> Available data
◇ ◇ ◇ ◇

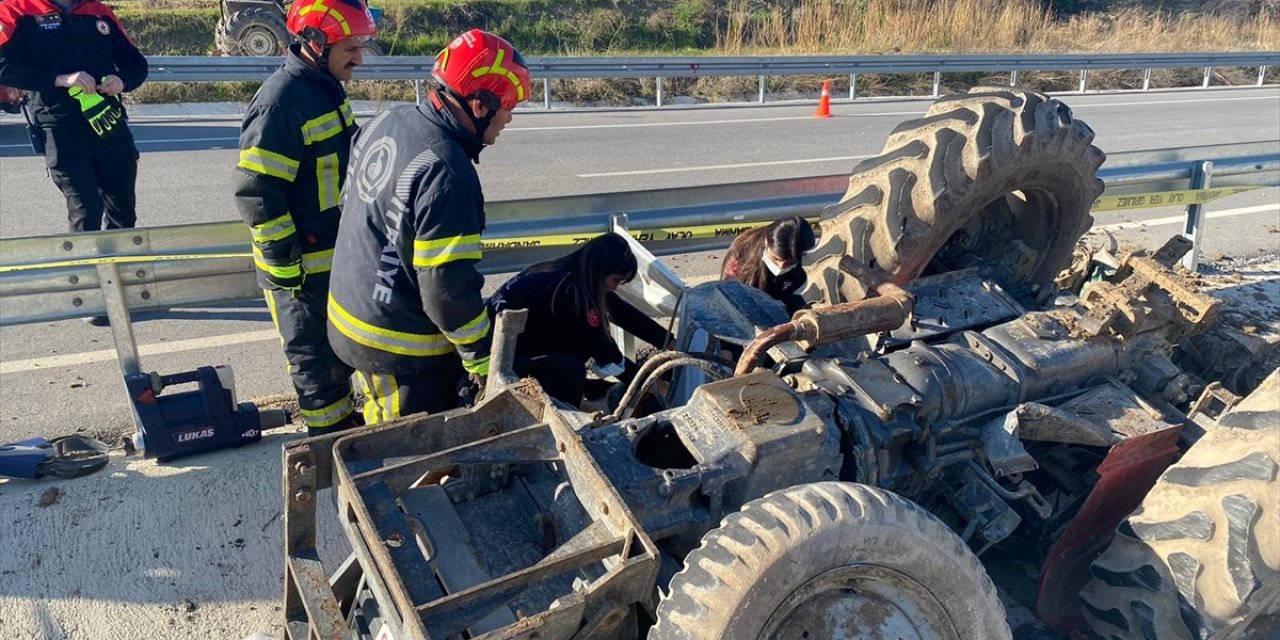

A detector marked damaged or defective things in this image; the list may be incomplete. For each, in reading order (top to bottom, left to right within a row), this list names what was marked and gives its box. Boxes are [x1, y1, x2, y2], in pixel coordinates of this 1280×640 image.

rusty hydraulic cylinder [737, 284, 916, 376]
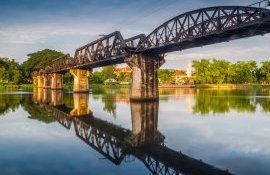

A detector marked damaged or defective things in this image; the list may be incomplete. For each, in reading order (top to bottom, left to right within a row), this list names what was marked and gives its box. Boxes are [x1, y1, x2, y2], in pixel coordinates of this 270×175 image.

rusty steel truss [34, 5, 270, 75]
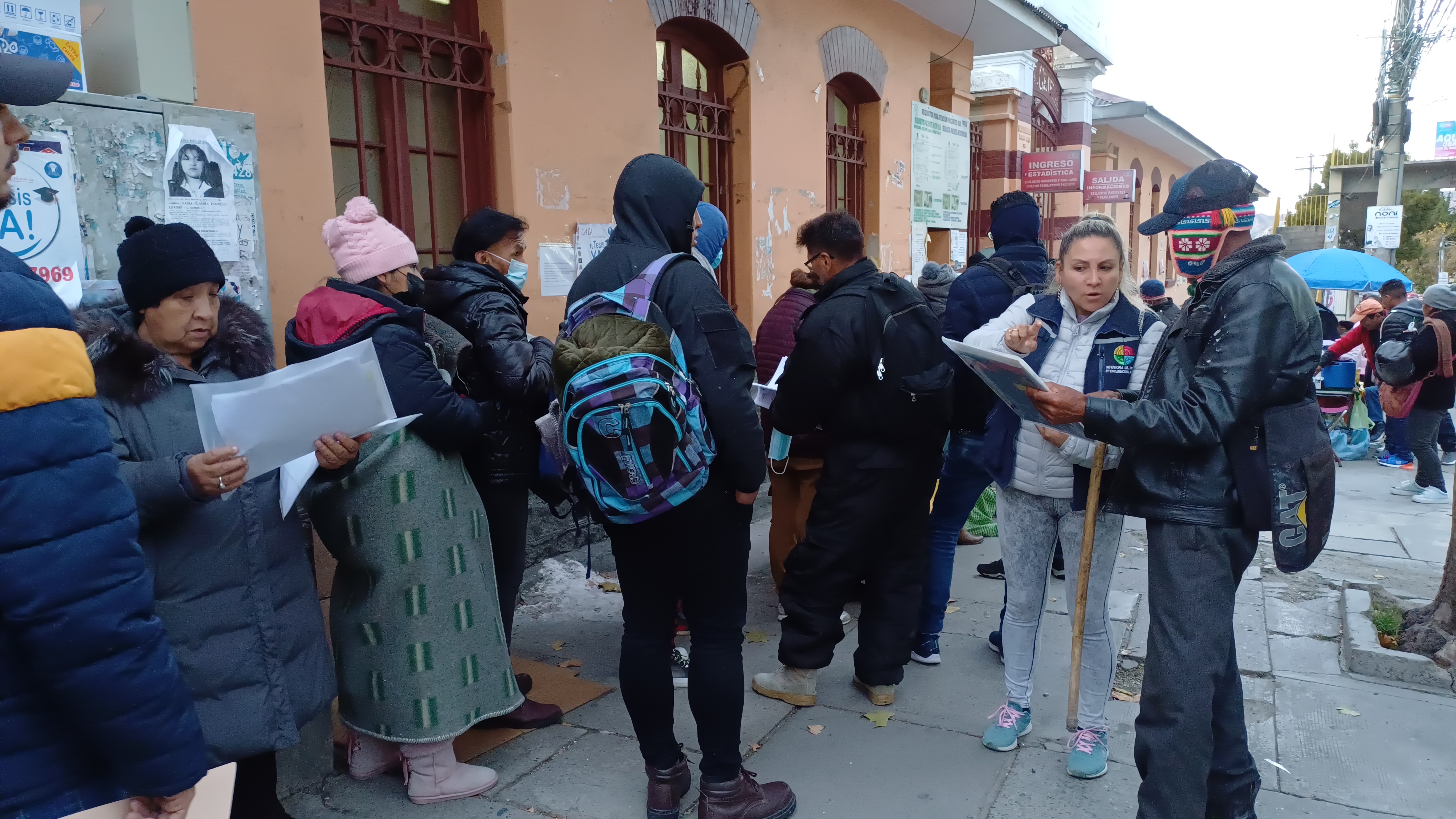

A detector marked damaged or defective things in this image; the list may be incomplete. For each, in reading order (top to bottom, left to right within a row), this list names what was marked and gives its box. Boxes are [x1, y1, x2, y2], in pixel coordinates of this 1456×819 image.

◇ ◇ ◇ ◇

> What is required
Please copy, exactly and only, the lines of the listing that run from the one holding "this 270×175 image." through its last line, and exclude pictures.

> Answer
A detector marked damaged or defective things in this image; the list may be incomplete. For each, in reading order (top to bottom, left to right within a row), this list names what was marked and gives its box. Boxes are [x1, y1, x2, y2], in pixel coordinates of this 270×175 image.

rusty steel truss [34, 5, 270, 75]

A detector marked damaged or defective things in this image; the list may be incomplete. For each, in reading order (top to bottom, left to right within a row), this list names what was marked and gives its box. Boxes are [x1, y1, x2, y2], in pixel coordinates of this 1456×819 image.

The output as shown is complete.